I guess the key question is: what is Google’s core competency? Do these venture investments and acquisitions somehow enhance its competencies, or simply introduce new and less-well understood risks into the business? It is so tempting for a firm like Google, with its billions of dollars of free cash flow, to toss some of its loot around with an eye towards “diversification.” But in the name of what? Faster growth? A more diversified revenue base? Or the hope that by making such an investment that its desire to become less reliant on paid search will become a reality? Google seems to have more than enough interesting IP knocking around its shop without fishing elsewhere; what it could really use is a better model for commercializing and monetizing this vast IP, which nicely leads into the next article.



Googling Growth

For most companies, reinvention of a core business
doesn’t have to involve such high levels of risk. Bain’s research shows
that nine out of every 10 companies that successfully renewed
themselves in the past decade found the solution in mining their hidden assets — assets they already possessed but had failed to tap for maximum growth potential.


The classic example is Apple. The iPod drew on the
company’s well-known skills in software, user-friendly product design,
and imaginative marketing — all underexploited capabilities. Samsung
focused on a different set of hidden assets — underinvested business
lines — to redefine its core. It shut down or sold 76 businesses,
thereby freeing up resources to invest in its lagging but promising
semiconductor and consumer-electronics businesses. Today, Samsung is a
leader in memory chips and mobile phones as well as in high-end
television sets and flat-screen monitors.



Shouldn’t well-run companies already be using all of
their valuable assets? In fact, large, complex organizations always
acquire more capabilities and businesses than they can focus on at any
one time. But when a company needs to redefine its core, it often
discovers that secondary assets and capabilities of the past suddenly
assume center stage, and are the key to new growth.

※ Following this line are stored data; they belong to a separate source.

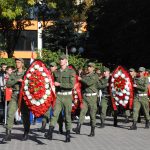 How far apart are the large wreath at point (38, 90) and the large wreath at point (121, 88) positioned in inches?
171

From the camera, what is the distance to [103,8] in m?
46.5

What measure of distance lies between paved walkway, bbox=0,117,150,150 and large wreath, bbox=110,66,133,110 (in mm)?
893

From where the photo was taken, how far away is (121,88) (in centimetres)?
1764

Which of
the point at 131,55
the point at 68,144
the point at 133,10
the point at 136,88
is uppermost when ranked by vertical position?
the point at 133,10

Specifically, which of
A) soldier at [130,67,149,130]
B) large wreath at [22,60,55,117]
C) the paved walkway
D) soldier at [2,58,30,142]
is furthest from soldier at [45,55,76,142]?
soldier at [130,67,149,130]

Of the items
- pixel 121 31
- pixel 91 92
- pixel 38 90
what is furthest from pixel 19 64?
pixel 121 31

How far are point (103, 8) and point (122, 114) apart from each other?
2460 centimetres

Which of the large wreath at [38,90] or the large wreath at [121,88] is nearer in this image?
the large wreath at [38,90]

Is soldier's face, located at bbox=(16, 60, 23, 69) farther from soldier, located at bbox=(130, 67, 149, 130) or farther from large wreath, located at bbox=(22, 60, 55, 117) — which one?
soldier, located at bbox=(130, 67, 149, 130)

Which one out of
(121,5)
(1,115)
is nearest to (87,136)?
(1,115)

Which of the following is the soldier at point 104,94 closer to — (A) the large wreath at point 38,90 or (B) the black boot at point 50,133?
(B) the black boot at point 50,133

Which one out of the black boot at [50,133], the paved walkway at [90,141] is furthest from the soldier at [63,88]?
the paved walkway at [90,141]

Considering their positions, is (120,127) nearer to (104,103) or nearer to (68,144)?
(104,103)

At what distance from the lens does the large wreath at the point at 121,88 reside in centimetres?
1740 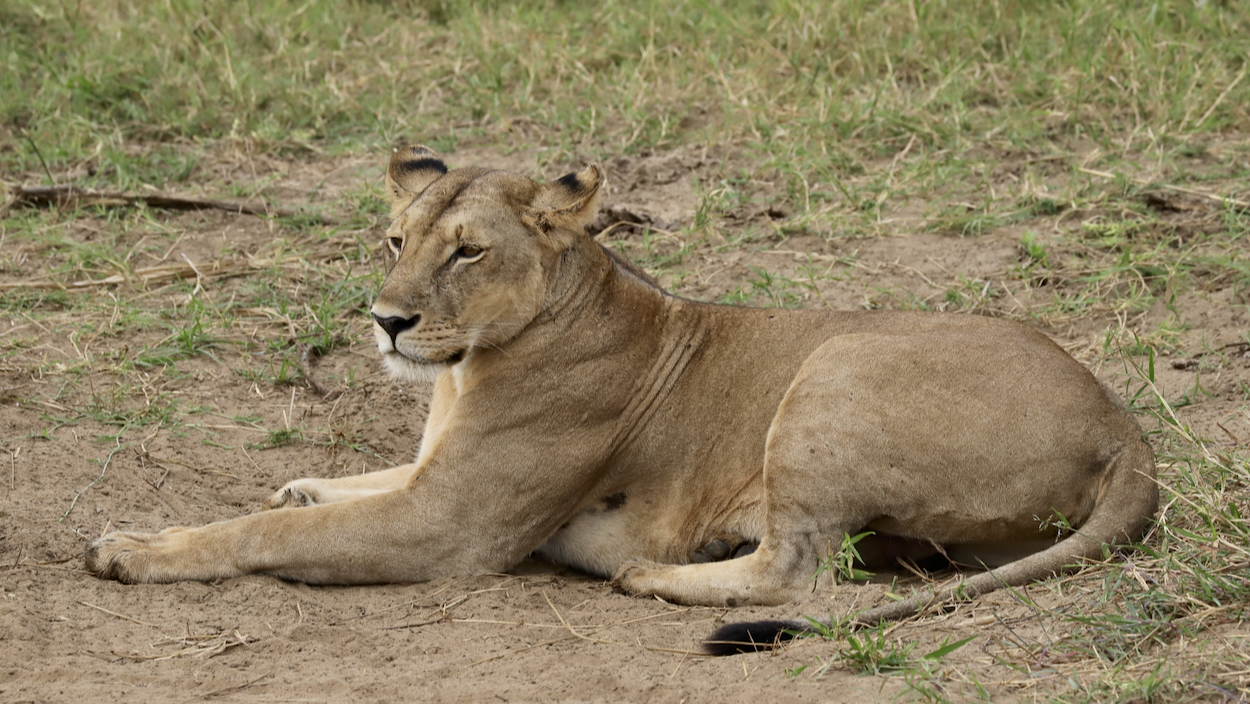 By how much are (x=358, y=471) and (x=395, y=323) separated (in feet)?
4.47

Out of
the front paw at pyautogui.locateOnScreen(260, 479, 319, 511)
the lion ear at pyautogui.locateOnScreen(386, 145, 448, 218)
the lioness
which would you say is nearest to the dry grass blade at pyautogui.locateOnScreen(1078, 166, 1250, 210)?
the lioness

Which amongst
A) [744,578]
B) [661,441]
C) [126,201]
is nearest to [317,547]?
[661,441]

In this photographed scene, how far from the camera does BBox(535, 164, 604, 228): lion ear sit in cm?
482

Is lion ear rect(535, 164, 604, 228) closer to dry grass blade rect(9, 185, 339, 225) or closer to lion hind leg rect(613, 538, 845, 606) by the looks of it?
lion hind leg rect(613, 538, 845, 606)

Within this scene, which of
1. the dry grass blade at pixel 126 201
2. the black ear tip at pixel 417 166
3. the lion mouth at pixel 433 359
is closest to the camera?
the lion mouth at pixel 433 359

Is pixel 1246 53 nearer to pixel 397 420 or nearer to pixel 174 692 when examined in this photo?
pixel 397 420

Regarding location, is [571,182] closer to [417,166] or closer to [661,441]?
[417,166]

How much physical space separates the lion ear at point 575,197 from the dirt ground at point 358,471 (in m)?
1.30

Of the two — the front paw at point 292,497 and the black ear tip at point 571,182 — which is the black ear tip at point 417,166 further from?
the front paw at point 292,497

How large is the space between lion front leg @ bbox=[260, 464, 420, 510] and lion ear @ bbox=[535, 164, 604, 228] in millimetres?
1098

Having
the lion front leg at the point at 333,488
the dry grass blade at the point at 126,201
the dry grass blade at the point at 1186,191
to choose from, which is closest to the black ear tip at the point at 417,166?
the lion front leg at the point at 333,488

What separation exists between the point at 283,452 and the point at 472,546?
1.43 meters

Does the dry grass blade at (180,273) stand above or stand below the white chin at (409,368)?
below

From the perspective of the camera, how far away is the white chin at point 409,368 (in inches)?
182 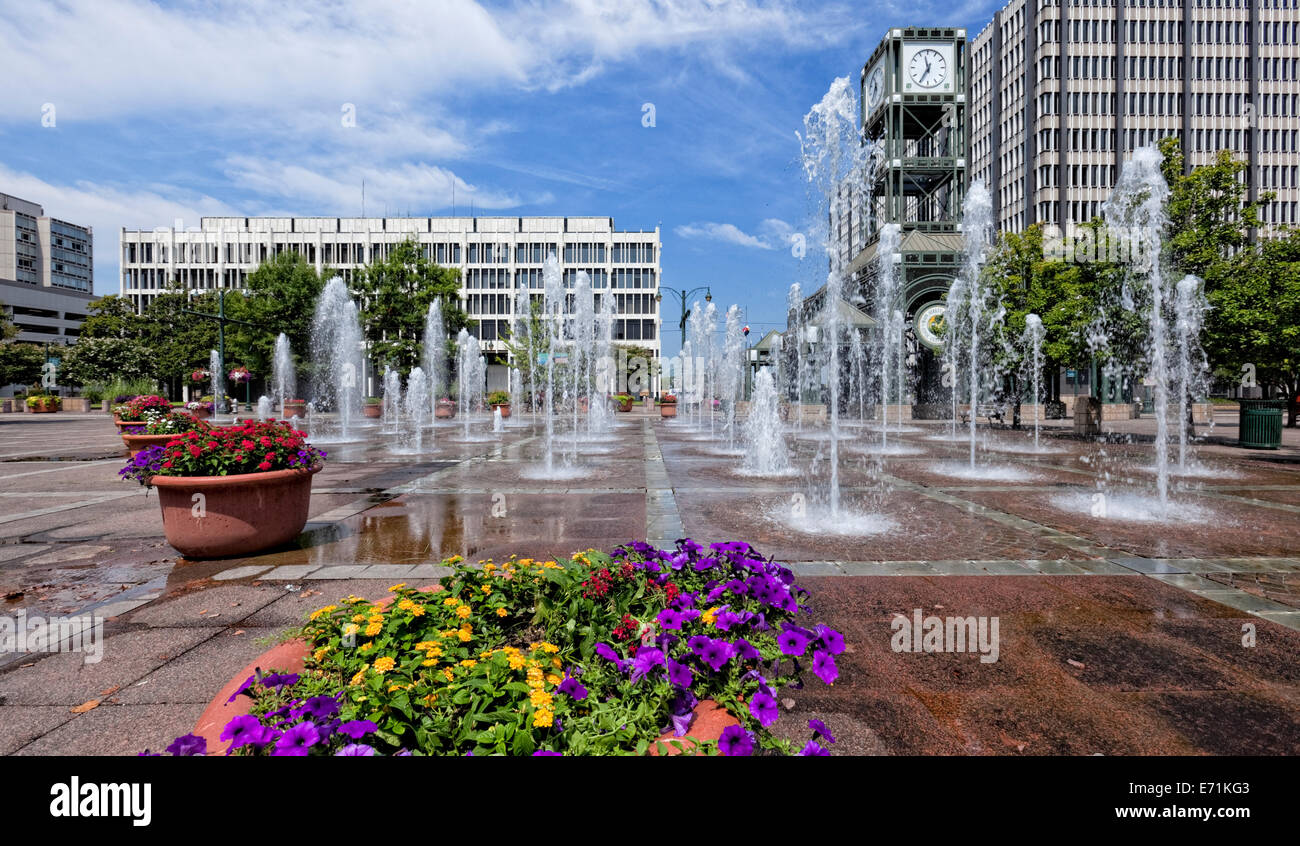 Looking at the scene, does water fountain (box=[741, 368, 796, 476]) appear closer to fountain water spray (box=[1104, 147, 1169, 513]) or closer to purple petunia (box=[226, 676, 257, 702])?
fountain water spray (box=[1104, 147, 1169, 513])

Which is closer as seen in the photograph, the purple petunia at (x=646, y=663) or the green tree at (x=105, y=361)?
the purple petunia at (x=646, y=663)

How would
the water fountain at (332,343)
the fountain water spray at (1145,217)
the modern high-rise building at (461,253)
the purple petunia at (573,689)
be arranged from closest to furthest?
the purple petunia at (573,689)
the fountain water spray at (1145,217)
the water fountain at (332,343)
the modern high-rise building at (461,253)

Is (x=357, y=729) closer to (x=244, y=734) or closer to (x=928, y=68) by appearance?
(x=244, y=734)

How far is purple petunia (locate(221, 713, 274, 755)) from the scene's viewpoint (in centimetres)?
159

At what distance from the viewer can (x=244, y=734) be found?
160 centimetres

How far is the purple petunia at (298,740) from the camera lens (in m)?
1.54

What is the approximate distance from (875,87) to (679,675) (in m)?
49.6

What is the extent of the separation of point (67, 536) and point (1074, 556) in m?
9.61

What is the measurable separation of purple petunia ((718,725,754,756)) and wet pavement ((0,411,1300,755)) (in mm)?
1328

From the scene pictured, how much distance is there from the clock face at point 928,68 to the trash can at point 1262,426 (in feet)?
101

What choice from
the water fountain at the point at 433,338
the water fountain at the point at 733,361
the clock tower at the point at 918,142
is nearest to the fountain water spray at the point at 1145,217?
the water fountain at the point at 733,361

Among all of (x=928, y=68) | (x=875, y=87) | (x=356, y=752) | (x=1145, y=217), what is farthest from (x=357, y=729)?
(x=875, y=87)

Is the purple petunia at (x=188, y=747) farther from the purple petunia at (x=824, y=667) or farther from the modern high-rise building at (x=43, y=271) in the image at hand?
the modern high-rise building at (x=43, y=271)

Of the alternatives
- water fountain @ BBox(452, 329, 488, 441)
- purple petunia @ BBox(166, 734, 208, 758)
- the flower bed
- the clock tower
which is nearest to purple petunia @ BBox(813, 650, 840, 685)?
the flower bed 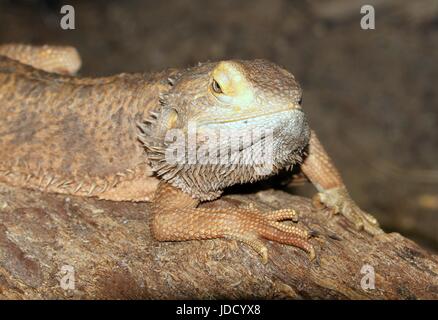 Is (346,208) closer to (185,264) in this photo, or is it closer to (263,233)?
(263,233)

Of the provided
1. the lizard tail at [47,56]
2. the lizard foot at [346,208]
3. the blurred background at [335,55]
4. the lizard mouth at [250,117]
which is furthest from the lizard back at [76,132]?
the blurred background at [335,55]

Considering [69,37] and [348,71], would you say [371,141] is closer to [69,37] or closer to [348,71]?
[348,71]

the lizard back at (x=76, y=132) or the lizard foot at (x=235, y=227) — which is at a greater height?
the lizard back at (x=76, y=132)

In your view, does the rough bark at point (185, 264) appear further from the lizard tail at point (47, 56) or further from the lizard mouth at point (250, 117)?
the lizard tail at point (47, 56)

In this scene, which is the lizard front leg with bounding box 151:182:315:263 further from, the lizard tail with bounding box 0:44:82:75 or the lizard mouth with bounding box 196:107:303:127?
the lizard tail with bounding box 0:44:82:75

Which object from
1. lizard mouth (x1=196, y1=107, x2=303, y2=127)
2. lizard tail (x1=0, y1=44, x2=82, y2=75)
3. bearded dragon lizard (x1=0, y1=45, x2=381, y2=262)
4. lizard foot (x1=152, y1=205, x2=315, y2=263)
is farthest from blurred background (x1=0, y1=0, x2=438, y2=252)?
lizard mouth (x1=196, y1=107, x2=303, y2=127)

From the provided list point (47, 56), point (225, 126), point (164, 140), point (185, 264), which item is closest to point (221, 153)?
point (225, 126) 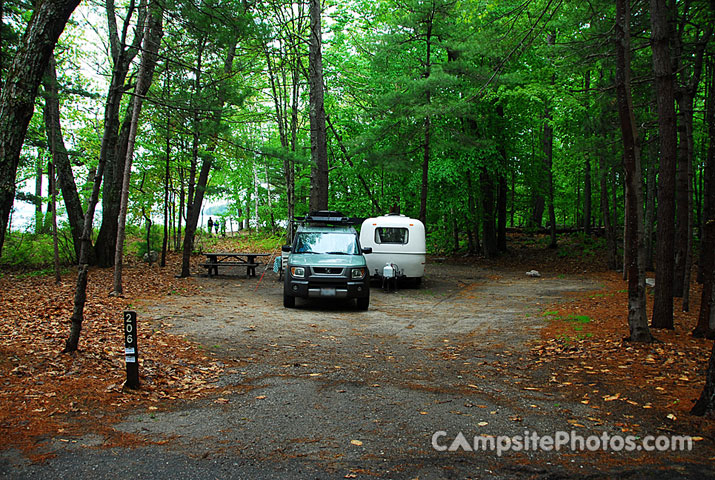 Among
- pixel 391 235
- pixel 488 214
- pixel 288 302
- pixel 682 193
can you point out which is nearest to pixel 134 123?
pixel 288 302

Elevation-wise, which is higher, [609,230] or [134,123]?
[134,123]

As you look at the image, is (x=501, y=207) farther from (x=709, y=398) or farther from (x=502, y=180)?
(x=709, y=398)

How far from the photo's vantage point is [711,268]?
737cm

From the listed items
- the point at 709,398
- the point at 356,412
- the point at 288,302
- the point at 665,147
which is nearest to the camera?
the point at 709,398

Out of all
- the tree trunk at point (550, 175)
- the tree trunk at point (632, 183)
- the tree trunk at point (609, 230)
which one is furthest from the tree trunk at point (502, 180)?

Yes, yes, YES! Are Eric, Larry and Sergey reading the WSJ and taking this to heart? You can’t tell me that its treasure trove of IP is inadequate to extend its existing commercially successful product set. They really need to buy stuff and act like a VC in order to find value? Maybe I just don’t get it. Maybe they really do need these small, strategy-extending acquisitions in order to grow its top line. I’m not sitting in Mountain View knocking it around with the Three Amigos. But I’ve gotta say - if the money and effort put forth in buying, integrating and monetizing YouTube was spent on extracting value from Google Labs and its other pots of IP, they’d already have substantial revenue streams augmenting paid search. But maybe I missing the boat. But maybe not.